[Brief descriptive captions]
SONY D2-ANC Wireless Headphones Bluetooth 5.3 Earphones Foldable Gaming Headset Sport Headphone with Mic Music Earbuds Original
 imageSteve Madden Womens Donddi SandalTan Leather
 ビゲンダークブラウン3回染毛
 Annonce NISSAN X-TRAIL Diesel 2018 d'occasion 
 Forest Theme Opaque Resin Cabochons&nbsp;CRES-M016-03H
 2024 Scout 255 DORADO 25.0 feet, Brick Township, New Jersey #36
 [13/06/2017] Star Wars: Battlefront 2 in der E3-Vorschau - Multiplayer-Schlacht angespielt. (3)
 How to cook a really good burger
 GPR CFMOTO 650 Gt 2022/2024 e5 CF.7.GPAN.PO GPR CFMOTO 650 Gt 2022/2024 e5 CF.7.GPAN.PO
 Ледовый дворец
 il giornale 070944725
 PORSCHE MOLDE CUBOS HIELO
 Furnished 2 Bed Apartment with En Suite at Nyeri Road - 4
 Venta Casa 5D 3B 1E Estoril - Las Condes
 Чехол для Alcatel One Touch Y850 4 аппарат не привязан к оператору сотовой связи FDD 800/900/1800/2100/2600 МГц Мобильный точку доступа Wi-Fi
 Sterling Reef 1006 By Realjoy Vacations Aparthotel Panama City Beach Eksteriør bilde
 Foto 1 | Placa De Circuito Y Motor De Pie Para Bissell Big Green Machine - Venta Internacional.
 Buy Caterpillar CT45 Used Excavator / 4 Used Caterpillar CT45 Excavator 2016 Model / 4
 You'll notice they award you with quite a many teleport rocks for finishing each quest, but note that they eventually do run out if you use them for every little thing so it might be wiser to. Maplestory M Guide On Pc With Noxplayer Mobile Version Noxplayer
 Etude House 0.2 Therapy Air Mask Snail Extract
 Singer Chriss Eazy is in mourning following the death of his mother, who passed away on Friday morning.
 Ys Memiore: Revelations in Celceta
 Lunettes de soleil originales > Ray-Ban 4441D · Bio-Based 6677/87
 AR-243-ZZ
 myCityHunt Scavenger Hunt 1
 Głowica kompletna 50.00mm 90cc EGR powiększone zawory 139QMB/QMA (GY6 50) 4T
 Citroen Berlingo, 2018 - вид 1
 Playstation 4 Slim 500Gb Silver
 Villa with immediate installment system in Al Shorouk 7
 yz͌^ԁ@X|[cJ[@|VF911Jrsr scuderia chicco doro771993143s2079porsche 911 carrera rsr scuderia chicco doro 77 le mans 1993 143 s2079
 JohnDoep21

§ **What you should do**:
Copy exactly the lines from the top of the entries through the line with "Sterling Reef 1006" in it, please, keeping both ends and adding nothing.

§ **Output of the task**:
SONY D2-ANC Wireless Headphones Bluetooth 5.3 Earphones Foldable Gaming Headset Sport Headphone with Mic Music Earbuds Original
 imageSteve Madden Womens Donddi SandalTan Leather
 ビゲンダークブラウン3回染毛
 Annonce NISSAN X-TRAIL Diesel 2018 d'occasion 
 Forest Theme Opaque Resin Cabochons&nbsp;CRES-M016-03H
 2024 Scout 255 DORADO 25.0 feet, Brick Township, New Jersey #36
 [13/06/2017] Star Wars: Battlefront 2 in der E3-Vorschau - Multiplayer-Schlacht angespielt. (3)
 How to cook a really good burger
 GPR CFMOTO 650 Gt 2022/2024 e5 CF.7.GPAN.PO GPR CFMOTO 650 Gt 2022/2024 e5 CF.7.GPAN.PO
 Ледовый дворец
 il giornale 070944725
 PORSCHE MOLDE CUBOS HIELO
 Furnished 2 Bed Apartment with En Suite at Nyeri Road - 4
 Venta Casa 5D 3B 1E Estoril - Las Condes
 Чехол для Alcatel One Touch Y850 4 аппарат не привязан к оператору сотовой связи FDD 800/900/1800/2100/2600 МГц Мобильный точку доступа Wi-Fi
 Sterling Reef 1006 By Realjoy Vacations Aparthotel Panama City Beach Eksteriør bilde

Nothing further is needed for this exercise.